THE TASK:
Using the records below, transcribe word for word the stretch from the line that contains "UofM students on campus smiling" through the line that contains "Inviting living room", both end lines included, and nothing else.

SUPPLIED RECORDS:
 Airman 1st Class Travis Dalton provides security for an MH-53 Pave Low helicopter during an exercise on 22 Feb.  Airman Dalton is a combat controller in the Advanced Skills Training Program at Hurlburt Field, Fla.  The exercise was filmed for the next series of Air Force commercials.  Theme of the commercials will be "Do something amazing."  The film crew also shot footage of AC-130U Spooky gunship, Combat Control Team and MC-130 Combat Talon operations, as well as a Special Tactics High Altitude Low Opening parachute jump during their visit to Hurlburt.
* * *
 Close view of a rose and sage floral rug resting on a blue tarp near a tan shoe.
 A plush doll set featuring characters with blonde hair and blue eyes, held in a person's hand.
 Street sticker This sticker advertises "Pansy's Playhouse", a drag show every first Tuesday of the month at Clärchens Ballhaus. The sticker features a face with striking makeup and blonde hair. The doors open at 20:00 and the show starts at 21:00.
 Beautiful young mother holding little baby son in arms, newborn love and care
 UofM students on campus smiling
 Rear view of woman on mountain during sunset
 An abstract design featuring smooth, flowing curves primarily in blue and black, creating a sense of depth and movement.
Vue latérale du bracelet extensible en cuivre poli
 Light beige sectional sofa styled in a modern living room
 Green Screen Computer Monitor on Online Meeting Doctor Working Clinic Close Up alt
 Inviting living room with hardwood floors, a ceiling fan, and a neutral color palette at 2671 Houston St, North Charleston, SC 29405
* * *
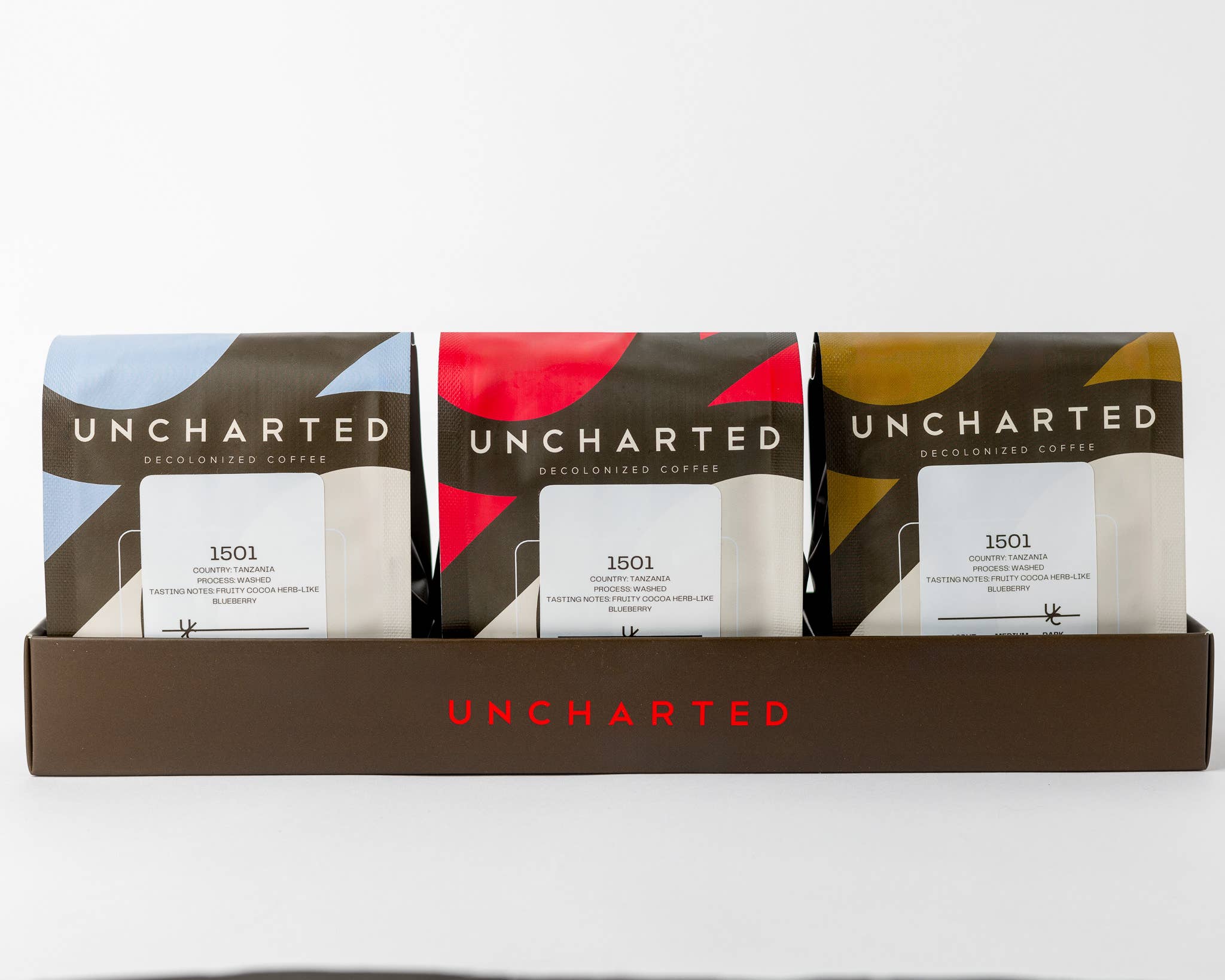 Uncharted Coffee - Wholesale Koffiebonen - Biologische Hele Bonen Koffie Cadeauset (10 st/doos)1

RESPONSE:
 UofM students on campus smiling
 Rear view of woman on mountain during sunset
 An abstract design featuring smooth, flowing curves primarily in blue and black, creating a sense of depth and movement.
Vue latérale du bracelet extensible en cuivre poli
 Light beige sectional sofa styled in a modern living room
 Green Screen Computer Monitor on Online Meeting Doctor Working Clinic Close Up alt
 Inviting living room with hardwood floors, a ceiling fan, and a neutral color palette at 2671 Houston St, North Charleston, SC 29405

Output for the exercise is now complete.